If neoliberalism has reached such an impasse, I’ve argued, there are only two possible directions forward politically: one is toward social democracy and pursuit of solidaristic, downwardly redistributive policy agendas within a framework of government in the public good; the other is toward authoritarianism that preserves the core neoliberal principle of accumulation by dispossession by suppressing potential opposition. The latter direction, commonly anchored rhetorically by what Colin Crouch has described as “politicized pessimistic nostalgia,”10 has proliferated since before the Great Recession. Parties or movements organized around that sort of reactionary politics have come to power, electorally or otherwise, in Hungary, Poland, India, Turkey, Ukraine, Brazil, and I’d add Boris Johnson’s Tory government in the UK and Trump’s here....

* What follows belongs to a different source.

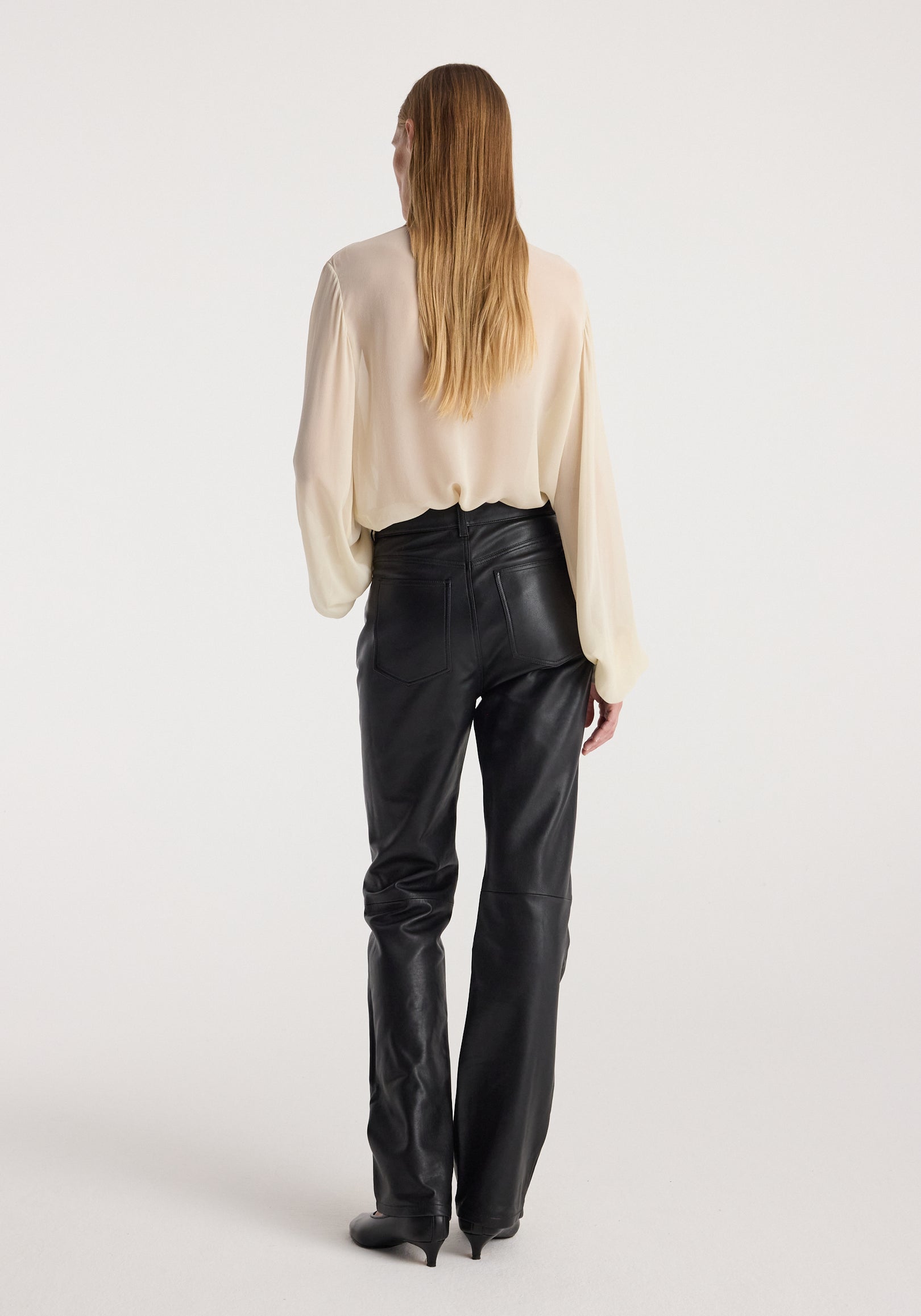 Woman wearing a cream-colored Romantic top | cream with long sleeves, paired with high-waisted black leather pants, standing facing away against a white background.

The reality that the processes of neoliberalization at their core rest uneasily with popular democracy makes reckoning with this right-wing tendency’s growth all the more urgent. Insulation of policy processes as much as possible from popular oversight—at local, national, and international levels—is at the heart of neoliberal accumulation.11 To that extent, it’s naïve to presume a capitalist class preference for democratic over authoritarian government, particularly if the democratic form comes with an opening for efforts to impinge on capital’s prerogatives. Even if we take the corporate rush to affirm support for racial justice after George Floyd’s murder as expressing genuine endorsements of anti-racist equality of opportunity and opposition to unequal and criminal hyper-policing, and not tainted by opportunism, is it reasonable to expect that, say, Uber, Amazon, McDonald’s, or Goldman Sachs would actively fight for a form of government that might regulate their labor market practices and methods of accumulation and force them to pay taxes against one that promised to protect them?